Amon Anderson

Mapping the Agriculture Sector

Editors note: This post was originally published on the Acumen Fund blog.

The agriculture sector in Sub-Saharan Africa and South Asia is expanding as population continues to grow and demand for food increases in-step. In Sub-Saharan Africa, relatively large tracts of arable land are attracting investors seeking to establish large-scale mechanized primary agriculture production while smallholders’ productivity remains relatively low. In many cases, smallholder farmers are under increasing land pressure as they subdivide small properties among their family. But as these plots are subdivided, many young would-be farmers find agriculture to be a decreasingly compelling value proposition and look to urban communities for other opportunities.

Against this backdrop, there is real innovation that is accelerating smallholder farmers’ ability to close the production gap and improve their ability to achieve real market returns for that which they produce. Acumen is committed to making investments that improve smallholders’ productivity and their access to markets which, we believe in turn, will help to address issues of local food security for farmers and their families, and issues of national food security that affect these rapidly growing geographies.

Acumen’s work in the agriculture sector is led by deep on-the-ground experience in West Africa, East Africa, Pakistan and India.

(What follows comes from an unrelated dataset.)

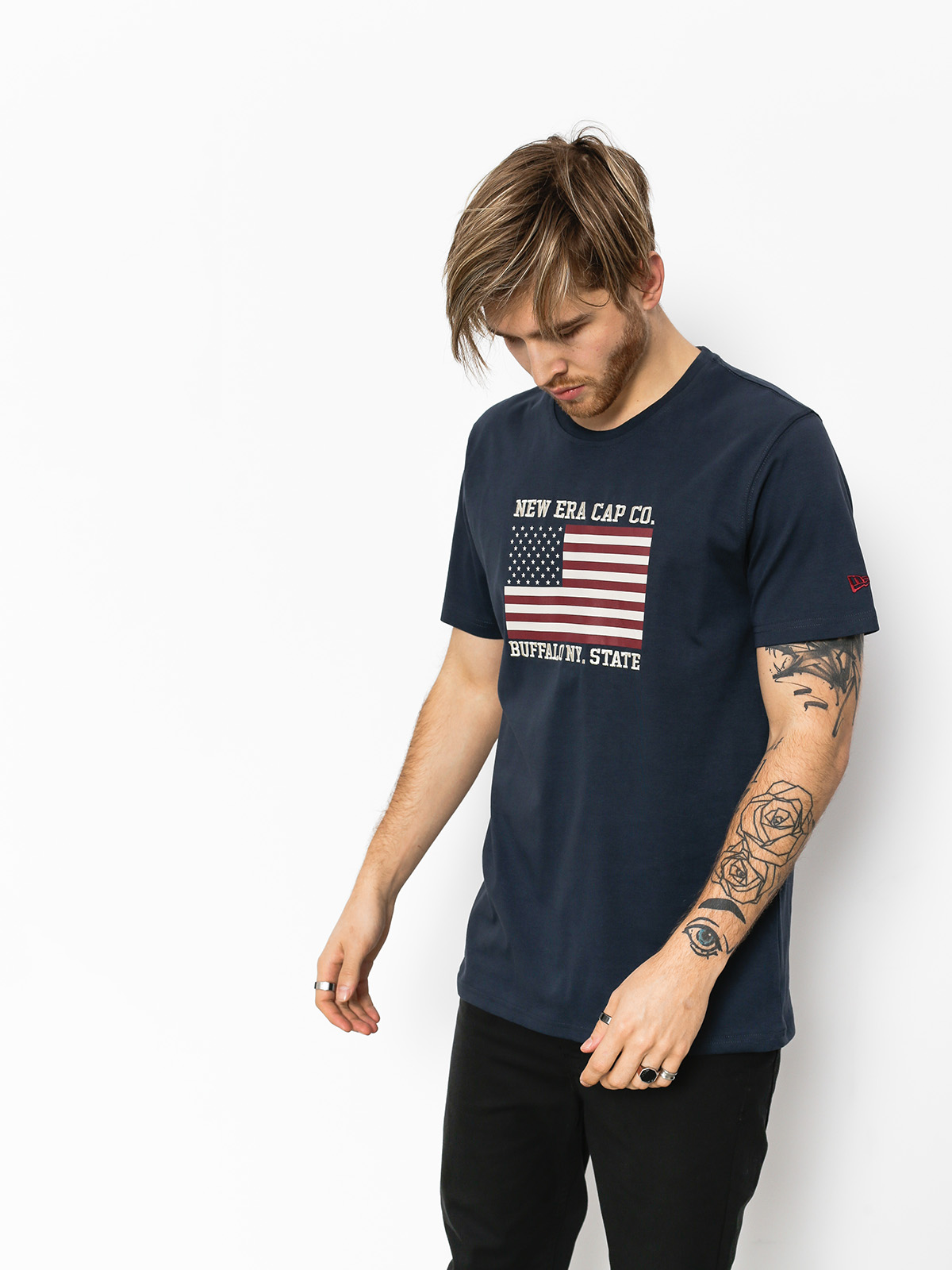 T-shirt New Era World (navy)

Working together, this sector team began to first focus on the issue of agricultural inputs. Our first investments in the agriculture sector — Jassar Farms and Western Seed — reflected this focus. Maize farmers in Kenya are five times less productive than their fellow farmers in Iowa, and dairy farmers in Pakistan produce over six times less milk than their counterparts in the US. Lack of access to inputs is one key driver behind this, and Western Seed, Jassar Farms and others are working to innovate on product development and distribution to help bridge the productivity gap.

As we built out our work in agricultural inputs, we came to understand that farmers do not necessarily adopt productivity improving inputs just because appropriate technology exists and is available. Farmers are often reluctant to make an investment in a new technology due to a skepticism that fair markets will purchase the agricultural goods that they produce. Many farmers sell to middlemen, and for years unscrupulous brokers have taken advantage of farmers — sometimes offering a price to farmers at their farm-gate that is three times lower than that being offered at the market center. These middlemen use the advantage of transportation and market pricing knowledge to put farmers in a price-taking situation. Farmers are in need of the cash, and they understand the risk of leaving crops and produce on the farm, so dominant logic often forces them to sell. Reflecting on this, our agriculture team began to explore how investments in innovative and responsible agricultural processors could help change the way markets work in rural communities. With investments in Gulu Agricultural Development Company in Uganda and GADCO in Ghana, we are seeing the potential to dramatically change the lives of thousands of smallholder farmers.

In addition to agricultural inputs and agricultural markets, there are important cross-cutting business models that help to stitch together an effective agricultural value chain. Chief among these are access to finance and access to information. Acumen has also explored business models that provide farmers with the information to chose the right agricultural strategy, the financing to purchase inputs and agricultural assets, so that they can close the productivity gap and access responsible markets for their produce. Acumen has made investments in Juhudi Kilimo (Kenya) and NRSP (Pakistan) that are helping to change the way that farmers access capital and assets, and we are seeking to explore investments in the agricultural extension space as well.

Moving forward, Acumen will continue to seek investment opportunities in the agricultural inputs, agricultural processing, and livestock value chains, as well as other cross-cutting technologies such as financial services at agriculturally oriented IT business models. Agriculture has been one of Acumen’s fastest growing portfolios in recent years, and we are excited to continue this growth in the years to come.